Great was the emotion in the council; and one of its members, D'Anthonay, lieutenant-colonel of the battalion of Volontaires Étrangers, was sent to propose less rigorous terms. Amherst would not speak with him; and jointly with Boscawen despatched this note to the Governor:—

Sir,—We have just received the reply which it has pleased your Excellency to make as to the conditions of the capitulation offered you. We shall not change in the least our views regarding them. It depends on your Excellency to accept them or not; and you will have the goodness to give your answer, yes or no, within half an hour.

We have the honor to be, etc.,

E. Boscawen.
J. Amherst. [589]

Drucour answered as follows:—

Gentlemen,—To reply to your Excellencies in as few words as possible, I have the honor to repeat that my position also remains the same, and that I persist in my first resolution.

I have the honor to be, etc.,

The Chevalier de Drucour.

[589] Translated from the Journal of Drucour.

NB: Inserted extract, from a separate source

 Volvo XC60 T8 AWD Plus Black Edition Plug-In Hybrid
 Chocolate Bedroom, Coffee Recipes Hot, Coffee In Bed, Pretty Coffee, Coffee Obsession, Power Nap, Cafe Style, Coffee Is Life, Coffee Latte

In other words, he refused the English terms, and declared his purpose to abide the assault. Loppinot was sent back to the English camp with this note of defiance. He was no sooner gone than Prévost, the intendant, an officer of functions purely civil, brought the Governor a memorial which, with or without the knowledge of the military authorities, he had drawn up in anticipation of the emergency. "The violent resolution which the council continues to hold," said this document, "obliges me, for the good of the state, the preservation of the King's subjects, and the averting of horrors shocking to humanity, to lay before your eyes the consequences that may ensue. What will become of the four thousand souls who compose the families of this town, of the thousand or twelve hundred sick in the hospitals, and the officers and crews of our unfortunate ships? They will be delivered over to carnage and the rage of an unbridled soldiery, eager for plunder, and impelled to deeds of horror by pretended resentment at what has formerly happened in Canada. Thus they will all be destroyed, and the memory of their fate will live forever in our colonies…. It remains, Monsieur," continues the paper, "to remind you that the councils you have held thus far have been composed of none but military officers. I am not surprised at their views. The glory of the King's arm and the honor of their several corps have inspired them. You and I alone are charged with the administration of the colony and the care of the King's subjects who compose it. These gentlemen, therefore, have had no regard for them. They think only of themselves and their soldiers, whose business it is to encounter the utmost extremity of peril. It is at the prayer of an intimidated people that I lay before you the considerations specified in this memorial."